Massimo Bottura, Mauro Colagreco, Niko Romito (L’Abruzzo nell’Olimpo dei 50 Best Restaurant)
Massimo Bottura, Mauro Colagreco, Niko Romito

Soddisfazione a Bilbao, in occasione degli Oscar della ristorazione, per i talenti made in Abruzzo che contribuiscono a far conoscere anche il nostro territorio nel mondo. E se il sous chef di Massimo Bottura, Davide Di Fabio, nato a Rho ma cresciuto a Bellante, porta nella cucina del miglior ristorante del mondo l’olio abruzzese, i formaggi di Gregorio Rotolo e Antonello Egizi, e il peperone dolce di Altino, l’altro abruzzese d’origine, Mauro Colagreco, ricorda ancora la cucina della mamma di Guardiagrele (Ch), emigrata in Argentina, dove il miglior chef di Francia è nato e cresciuto.

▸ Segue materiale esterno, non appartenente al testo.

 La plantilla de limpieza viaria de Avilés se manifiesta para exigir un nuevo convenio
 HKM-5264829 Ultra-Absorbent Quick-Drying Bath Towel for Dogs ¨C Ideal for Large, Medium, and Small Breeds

Sembra quasi un romanzo: due abruzzesi che si ritrovano in cucina e scalano le vette di tutte le guide, fino ad entrare nell’Olimpo dei 50 migliori ristoranti del mondo. Così Mauro Colagreco riconosce in quel ragazzo di Francavilla, Luca Mattioli, partito dall’Abruzzo carico di speranze, sé stesso quando aveva lasciato l’Argentina per andare in Francia, con in tasca solo il numero di telefono dell’amico di un amico. Sarà stata la tempra della gente “forte e gentile” d’Abruzzo a far emergere il talento di Colagreco. «Sono contento - afferma commosso lo chef del Mirazur - di avere nella mia brigata di cucina Luca, abruzzese come i miei genitori e i miei nonni. L’Abruzzo lo sento dentro, nel mio Dna, e soprattutto lo porto in cucina con me. Ecco il segreto del mio successo».

Dopo l’ingresso nei primi 50 lo scorso anno, il ristorante Reale è cresciuto nelle valutazioni dell’Academy composta da oltre mille critici gastronomici e scala la classifica fino al numero 36. «Un risultato straordinario - commenta Niko Romito, cuoco autodidatta, classe 1974 - che ci lusinga e ci ripaga del grande lavoro fatto finora. È stato un anno importante in cui tanti progetti si sono consolidati e tanti altri stanno cominciando. Al Reale abbiamo sempre fatto e continueremo a fare una cucina di ricerca, assoluta, che scava in profondità per sviluppare sapori, concetti e tecniche che esaltano al massimo ogni ingrediente e offrono benessere e leggerezza a chi mangia».